# Introducing new pair of ringneck doves



## BagelJays (Apr 26, 2017)

I'm sorry if this isn't the correct forum to post this.

I adopted 2 ringneck doves from a shelter about 6 months ago. The staff were unsure of their sexes, but since it has been about 6 months with no eggs, I assume they are both male. They are both about 1 year old. When I adopted them, the shelter gave me a medium size cage (looks to be a petstore cage for a cockatiel-size bird). About 4 months ago, I built them a larger 6x5 foot cage in my spare room.

Last weekend, I adopted 2 senior ringneck doves from another shelter. Again,the staff were unsure of their sexes but told me they are at least 20 years old.

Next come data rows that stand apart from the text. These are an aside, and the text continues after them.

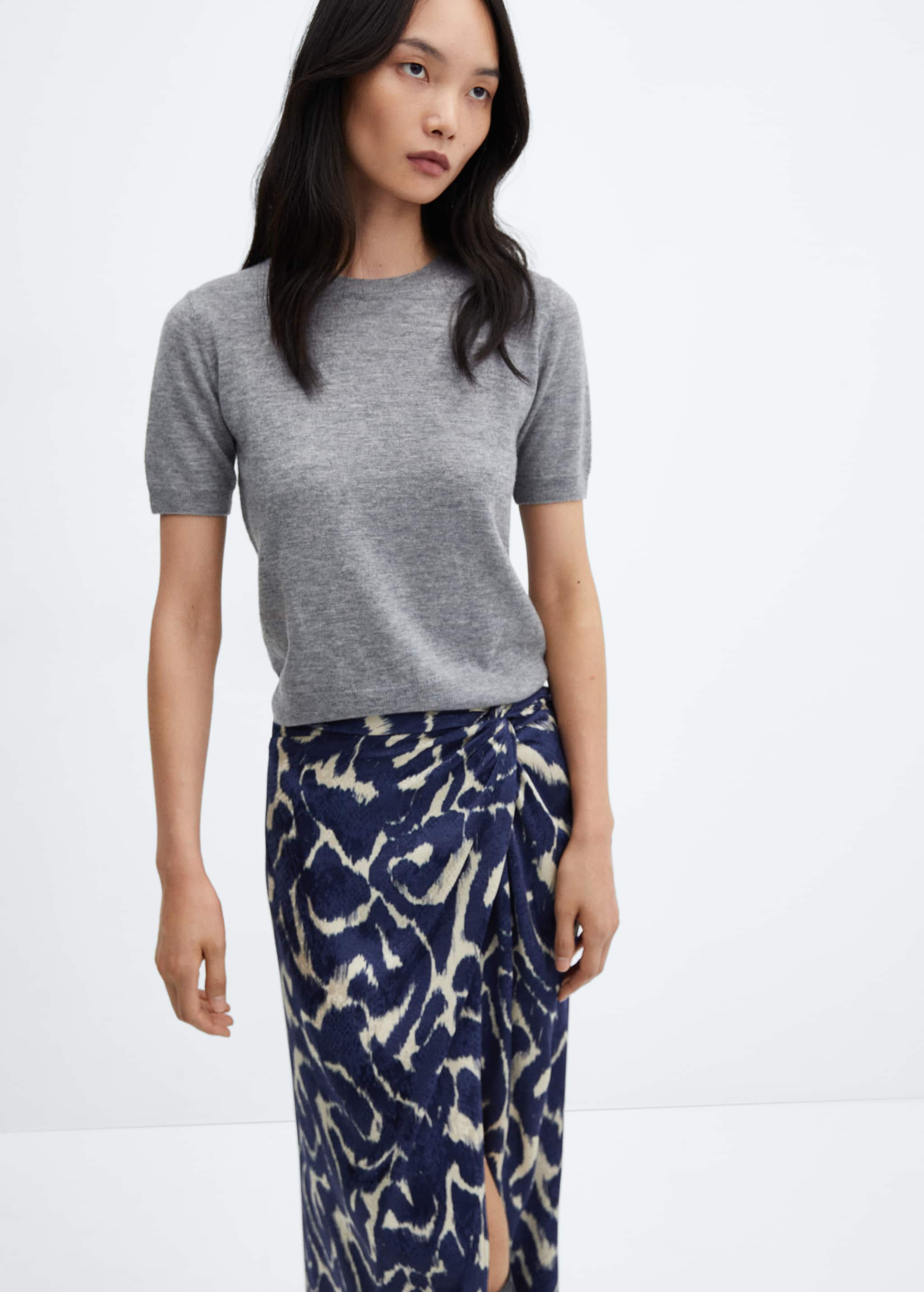 Knot printed skirt - Details of the article 1
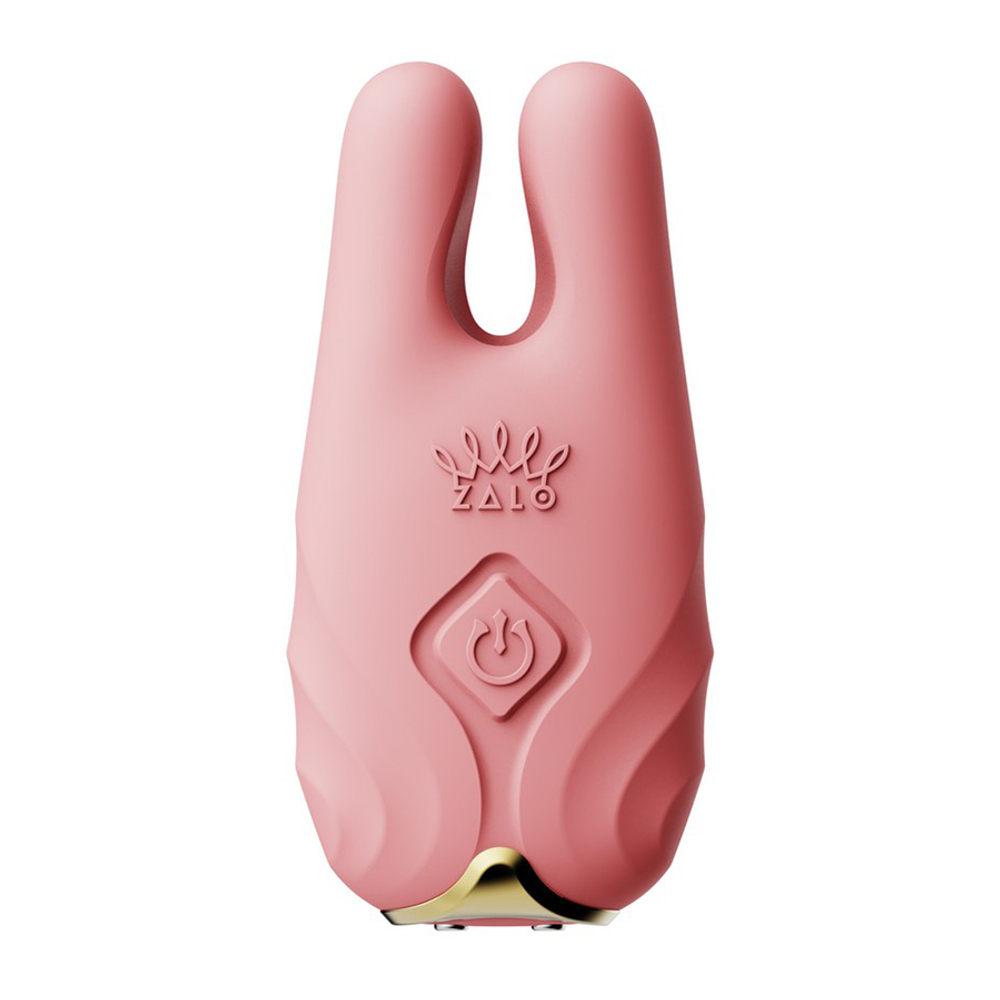 Розовые виброзажимы на соски с пультом ДУ и управлением через приложение Zalo Nave Vibrating Nipple Clamps Coral Pink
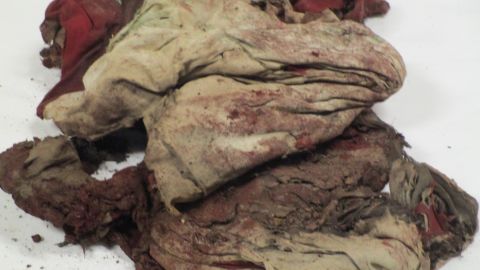 Remnants of flag found in General Beauregard time capsule.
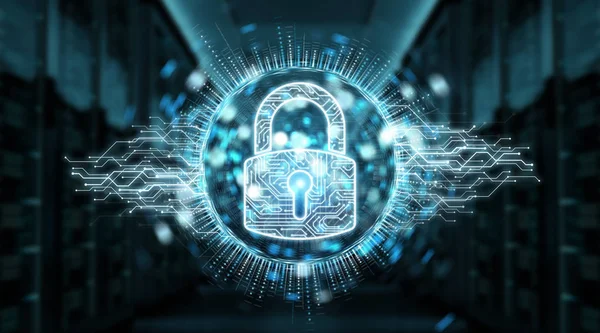 Digital Security Hologram Padlock Blue Server Background Rendering — Stock Photo, Image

I have tried putting the seniors in with the younger doves and the younger ones are aggressive. When everyone is hanging out in their separate areas, they are fine. But when the seniors fly down to the floor to eat or drink, or if the seniors fly to a different perch, the young doves become aggressive. They follow the seniors around, peck at them, corner them and jump on their heads. I haven't seen any mating rituals (no coo bowing, no flying onto their backs). 

I have separated them for now and put the young doves in the original small cage so the seniors can adjust. What should I do now? I plan on putting the young doves back in the large cage this weekend when I'm not at work and can monitor them, but I don't have high hopes. Is there something else I should be doing? Will they never get along because of the age difference?

I appreciate any help!!


----------